要件定義と聞くと堅苦しいイメージですが、実際には、単なる打ち合わせです。
「要件定義」ではなく、「要望聴取打合せ」、「要件定義書」ではなく、「要望をまとめた書類」と言った方が分りやすいですかね。
システム制作会社との打ち合わせの時に、あれもしたい、これもしたいと脈絡もなく並べてもシステム制作者にとってはチンプンカンプンで混乱したり、正しく伝わらなかったりします。
先ずシステム化によって改善したい業務をまとめて下さい。簡単に言えば、現在、どの様に行っていて最終的にどの様にしたいという道筋を洗い出します。
例えば、
社内で会議等を開いて頂き、この様に最終的な目的を洗い出して下さい。この様な要望を、いくつお持ちでも構いません。
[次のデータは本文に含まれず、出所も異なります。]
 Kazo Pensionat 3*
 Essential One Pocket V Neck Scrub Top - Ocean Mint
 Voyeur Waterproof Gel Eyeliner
上記の「要望の洗い出し」で出てきた要望が出てきたところで、下の順番に従ってシステム制作会社に伝えて下さい。
要望が決まったら、それを分解していきます。
まず、「要望の洗い出し」で出てきた要望を満たすために必要な管理項目の洗い出しを行います。
加えて、それに関連する業務もシステム化する可能性がありますので、それを管理するために必要な項目も洗い出しておきます。
例えば、
得意先名、商品名、単価、仕入れ値、個数、等
現在、管理しているExcelや紙があるようであれば、そこから項目を抽出すると良いでしょう。
ただし、重要なのは、本当に必要な情報か否かを十分に見極めることが必要です。
使いもしない項目をシステム化しても使用しなかったり、無駄に入力作業が増えるだけになりシステム化のマイナス要因となってしまいます。
また、洗い出した項目に、どんなデータが入るか、
例えば、
全角のカタカナが入る、半角数字が入る、半角アルファベットと数字、記号が入る、等。
及び、開示できる実際のデータ、もしくは、サンプルデータを用意し提示できるようにしておくと完璧です。
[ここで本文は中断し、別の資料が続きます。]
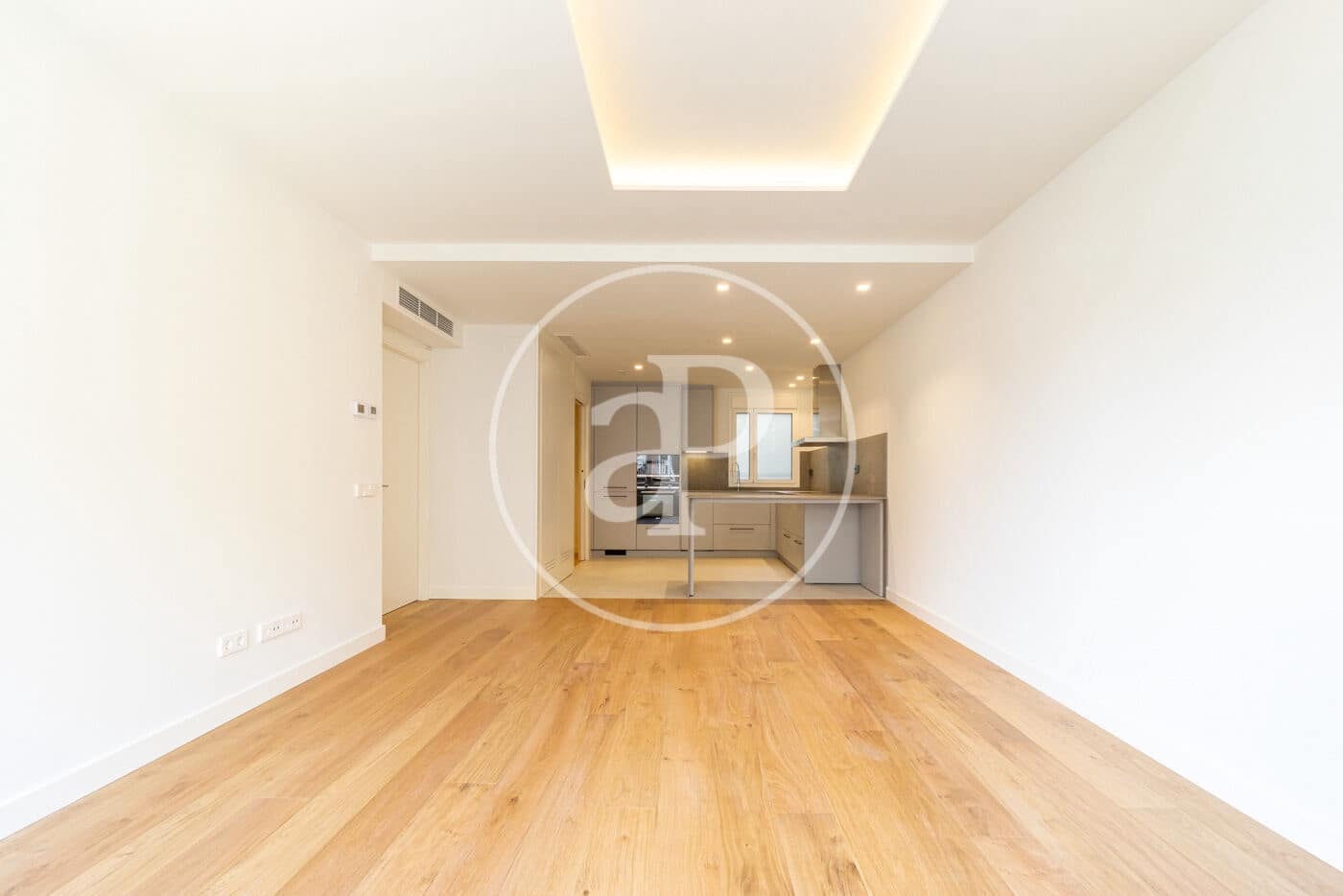 Apartment for sale in Barcelona city - € 620,000 (Ref: 9474897)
また、洗い出した項目の中で、この情報がないと業務が進行できない項目。つまり、必須項目を決めておいてください。
「要望の分解(項目の洗い出し)」で出てきた項目が、答えを出すための要素になり、「要望の洗い出し」で出てきた要望は答え、つまり、結果となることが分かると思います。
システムは、この様にIN(要素)があり、OUT(結果)を出すということの繰り返しになります。
例えば、売上推移グラフをシステムで出力したいとなった場合、
月ごとの売上集計結果がないとグラフは作れません。つまり、月ごとの売り上げ集計結果が結果となり、売上日、商品、単価、売上数量、等は、月ごとの売り上げ集計結果を出すための要素となります。
これららの要素を短時間で分類し、計算し、集計するのがコンピュータの役割、システムの役割なのです。
最後に、今までの「要望の洗い出し」「要望の分解(項目の洗い出し)」で出てきた要素や結果について、入力、出力タイミングを確定します。
つまり、業務工程で、どのタイミングで入力し、どのタイミングで出力するのかを決める必要があります。
特に入力タイミングに関しては、一度で全てが、そろわないことが多いですので業務工程を進めながら複数の担当者の入力で情報をそろえるようになります。
何も要望をまとめず、社内での取りまとめ打ち合わせも行わずに業務の関係者全員を集めてシステム制作会社との打ち合わせに臨む事は止めた方がよいと考えます。
システム制作会社に要望を伝えるのではなく、社内の業務改善会議になってしまいます。
業務に関係する全ての担当者の意見をシステム制作会社に吸い上げてもらいたいという気持ちはわかりますが、それを行ってしまうと意見が、まずまとまりません。
また、各人の希望を全てを吸収させてしまうと、機能が増加したり、年に一度程度発生するようなイレギュラーな事例までシステム化することになり、無駄な項目や機能が追加され、工数が増えると同時に使いにくいシステムとなってしまいます。
まず、社内でよく打ち合わせを行い意見をまとめた後にシステム化を推進される代表者数人でシステム制作会社と対峙し打ち合わせを行うとスムーズに進みます。